## Information supplied
═══

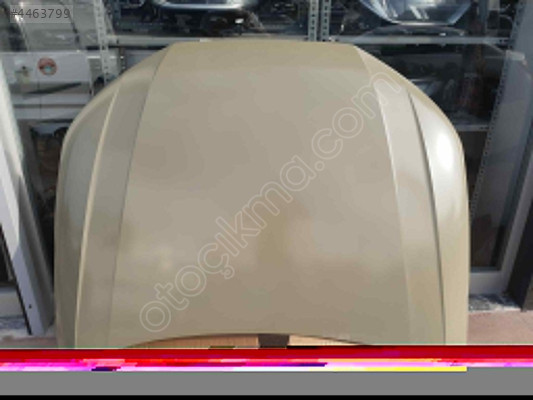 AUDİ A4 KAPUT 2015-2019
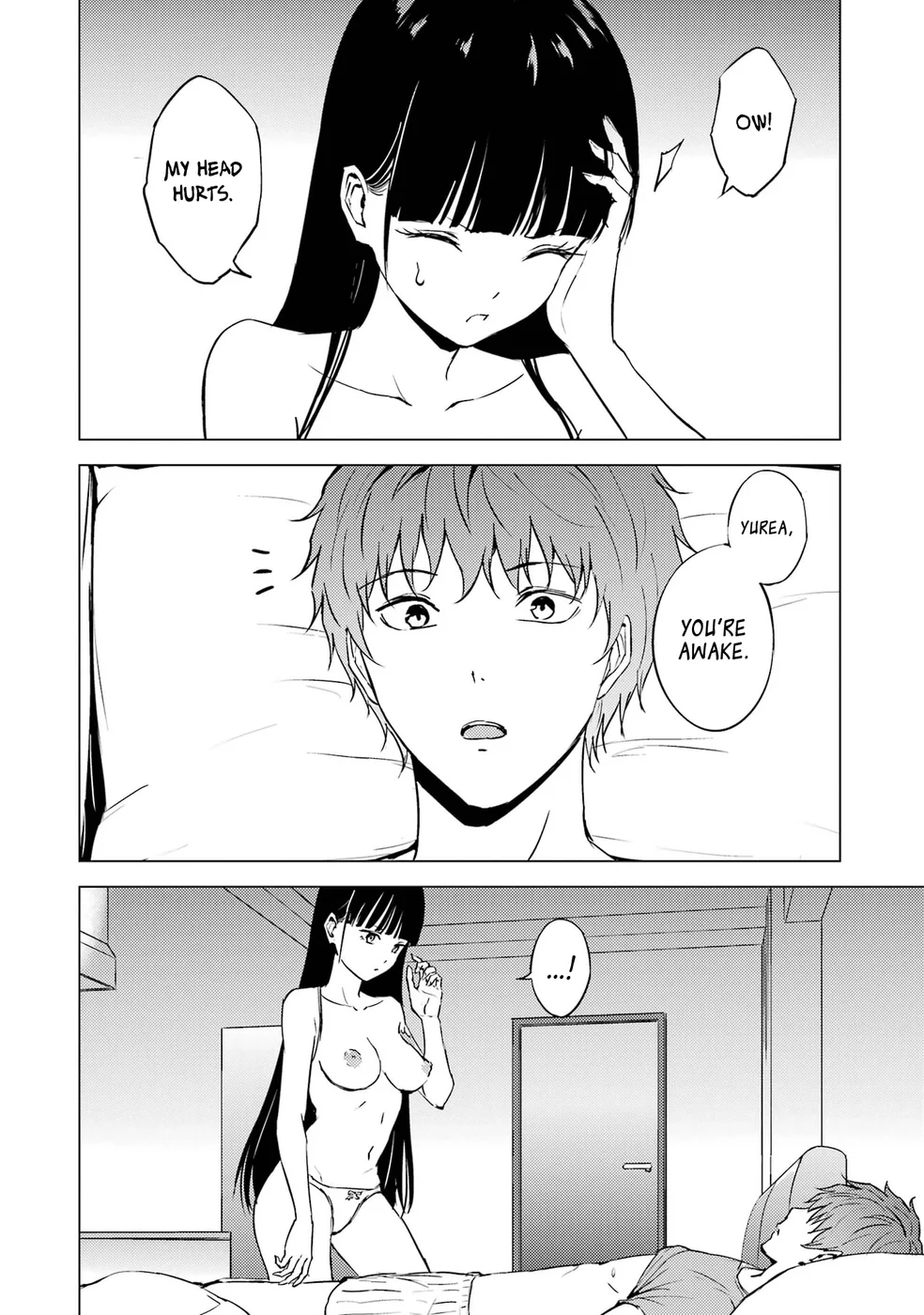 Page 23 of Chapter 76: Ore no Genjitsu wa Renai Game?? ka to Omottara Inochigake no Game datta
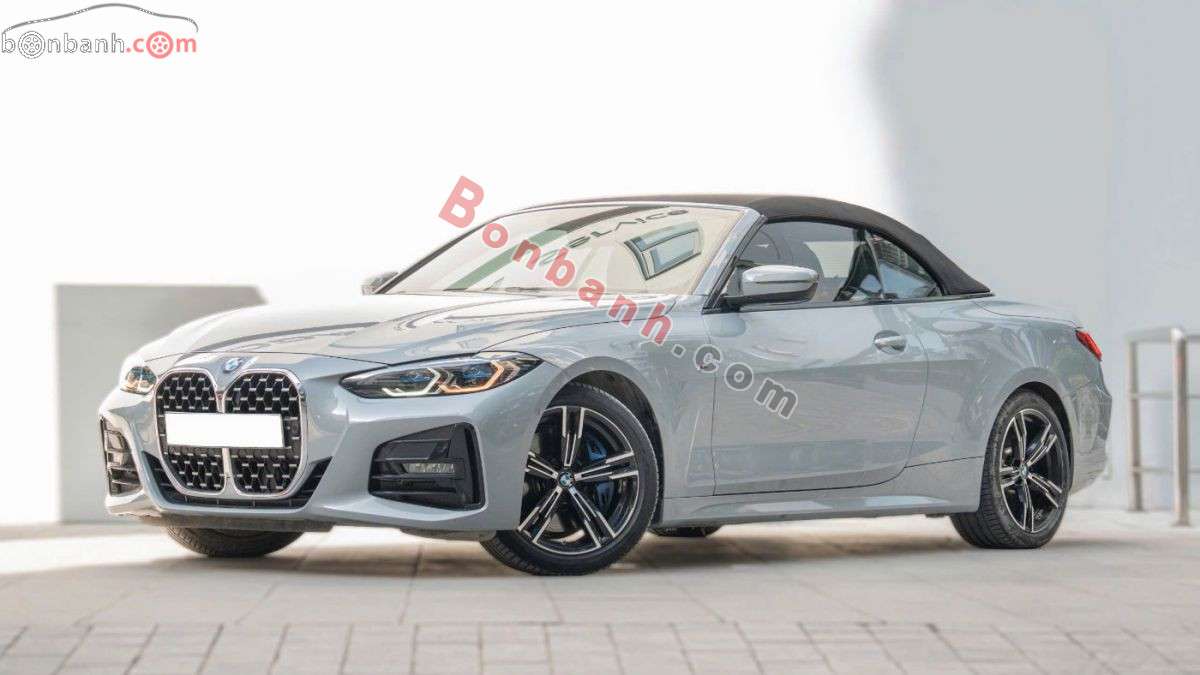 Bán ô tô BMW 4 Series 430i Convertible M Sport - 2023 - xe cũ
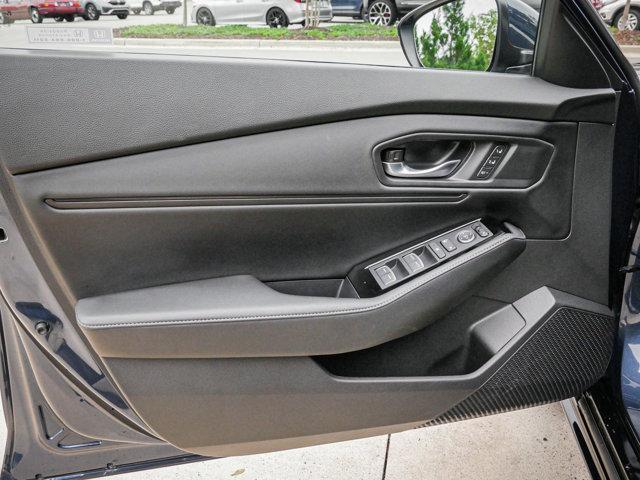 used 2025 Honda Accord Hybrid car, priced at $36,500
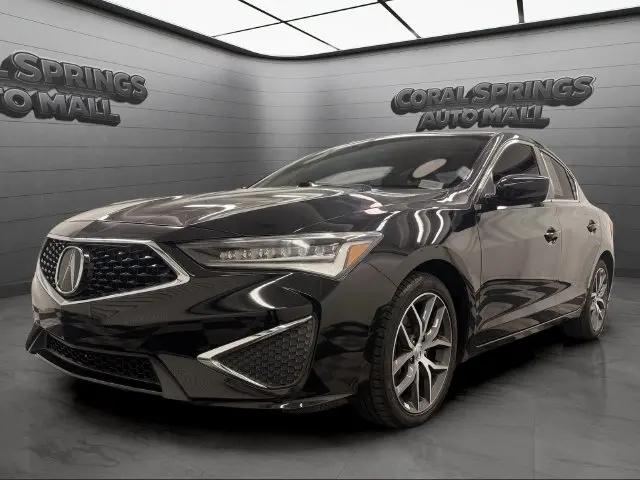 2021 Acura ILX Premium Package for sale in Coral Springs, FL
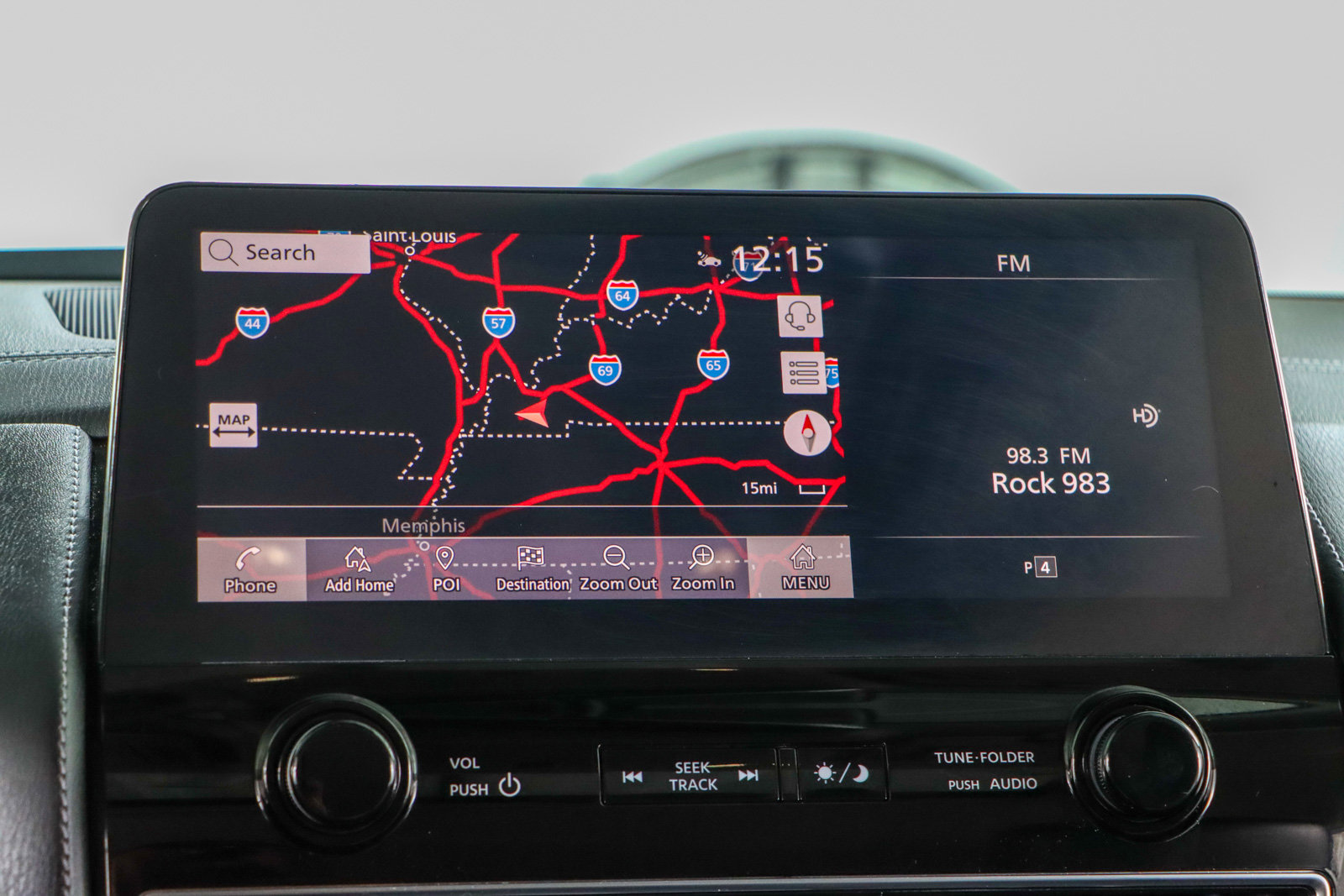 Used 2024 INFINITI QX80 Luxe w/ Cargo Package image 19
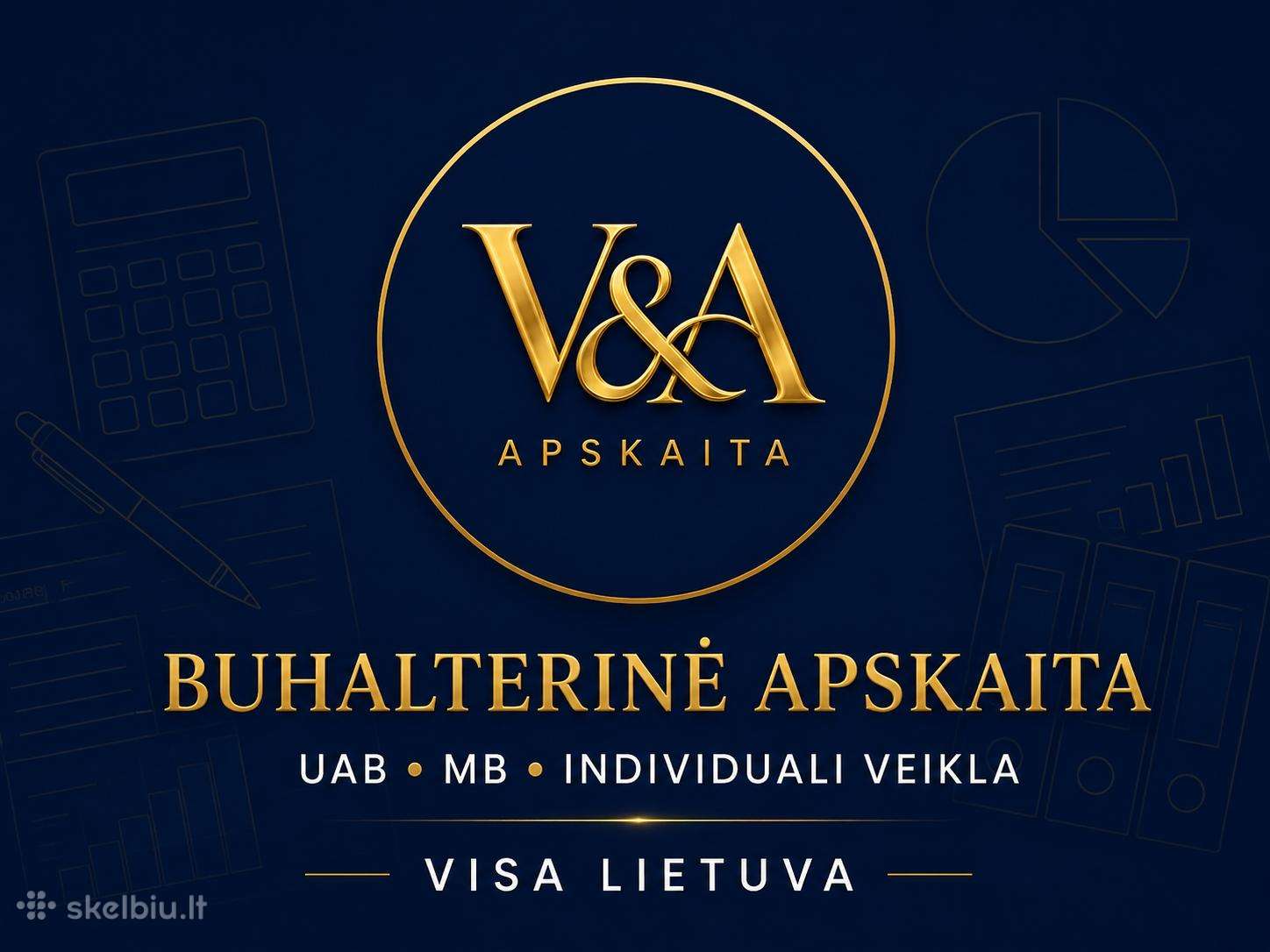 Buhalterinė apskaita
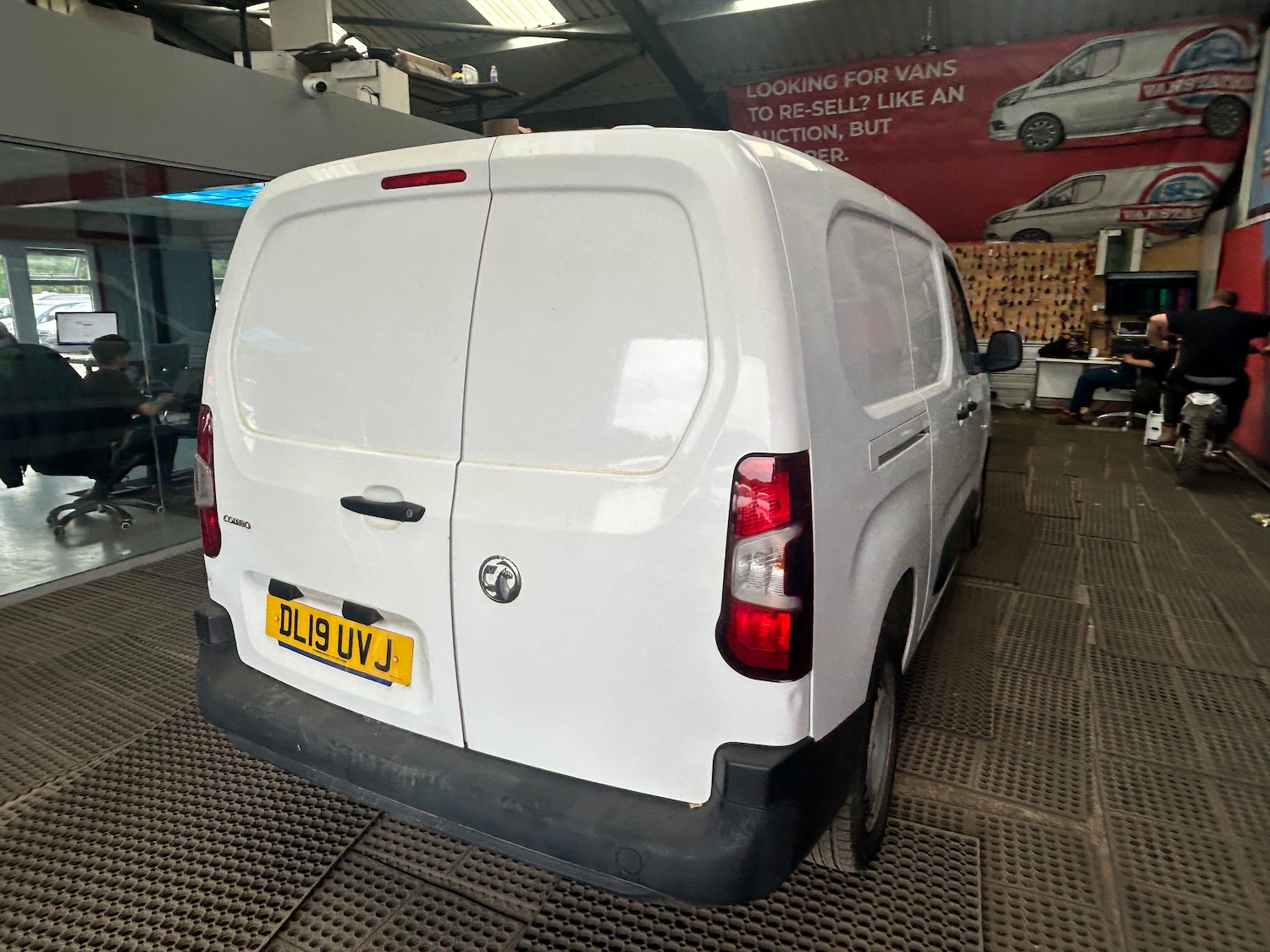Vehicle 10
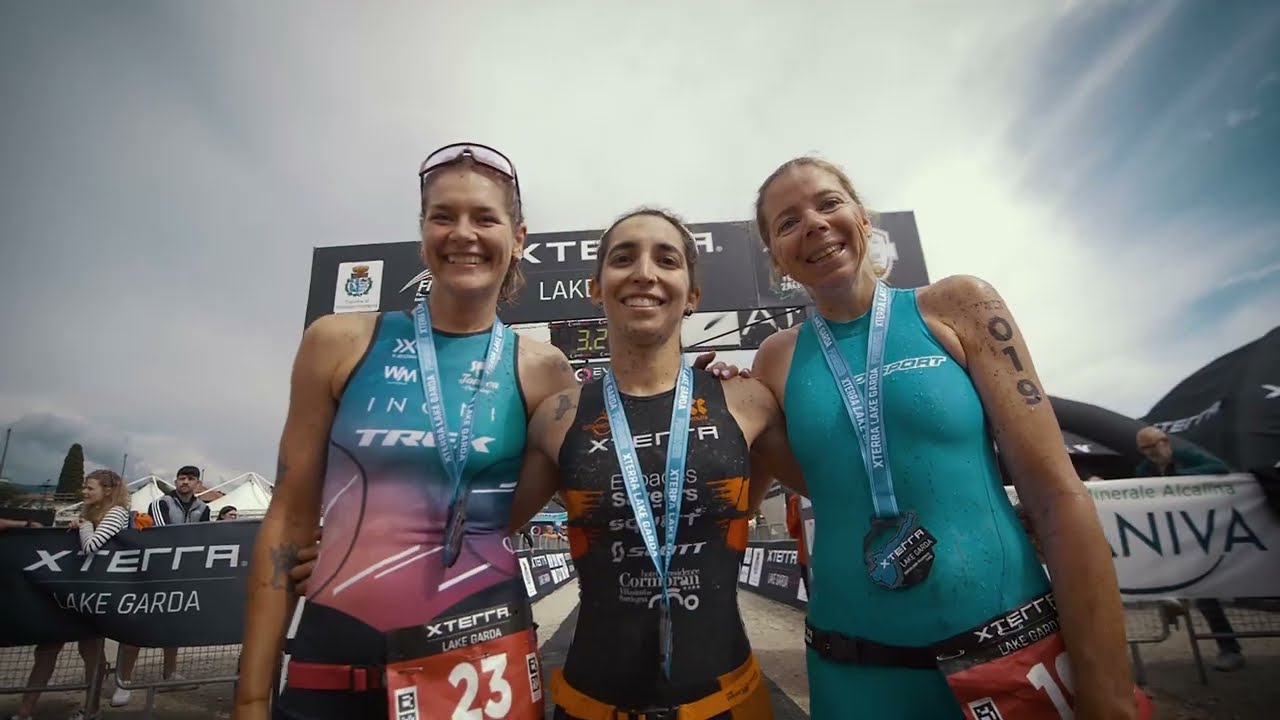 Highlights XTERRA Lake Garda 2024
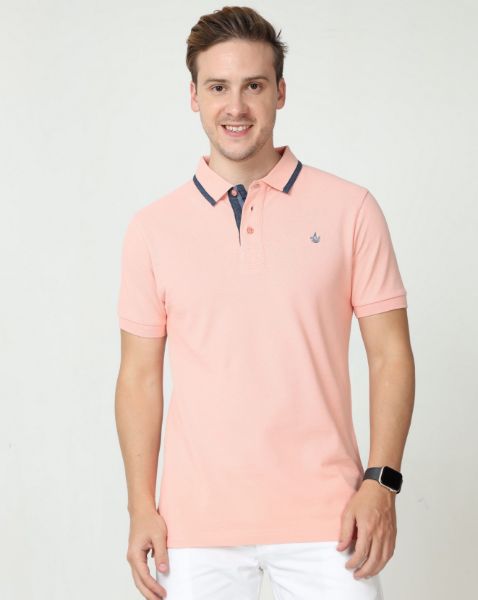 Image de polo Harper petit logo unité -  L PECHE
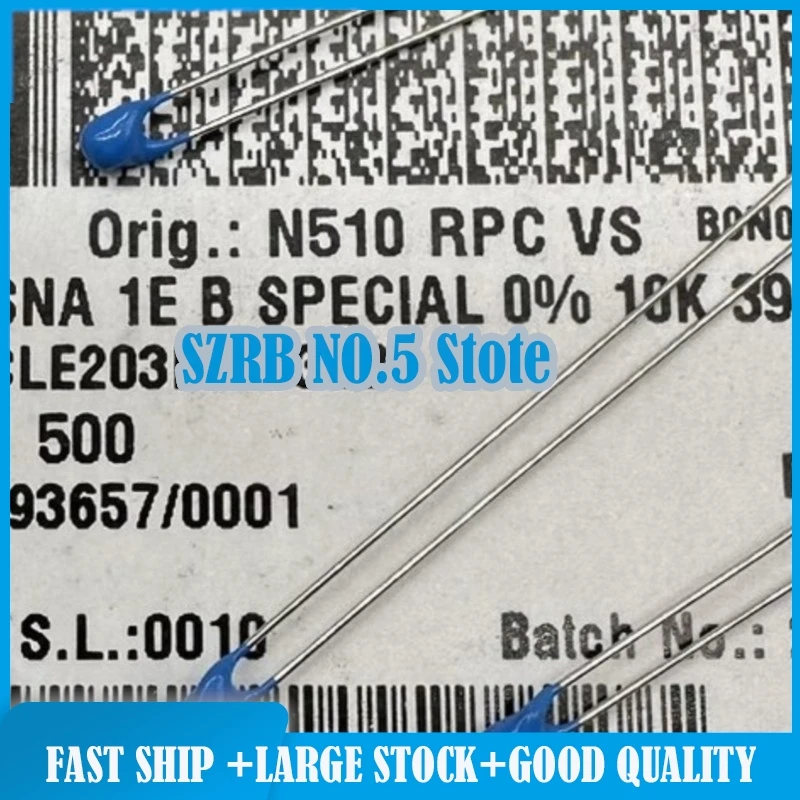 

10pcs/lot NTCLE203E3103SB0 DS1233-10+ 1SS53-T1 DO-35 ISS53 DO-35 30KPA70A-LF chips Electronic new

═══

## What you need to do
Copy the line showing "2021 Acura ILX" exactly, along with each line after it through the end of the material above. Pictures stay out.

## Output of the exercise
 2021 Acura ILX Premium Package for sale in Coral Springs, FL
 Used 2024 INFINITI QX80 Luxe w/ Cargo Package image 19
 Buhalterinė apskaita
Vehicle 10
 Highlights XTERRA Lake Garda 2024
 Image de polo Harper petit logo unité -  L PECHE

10pcs/lot NTCLE203E3103SB0 DS1233-10+ 1SS53-T1 DO-35 ISS53 DO-35 30KPA70A-LF chips Electronic new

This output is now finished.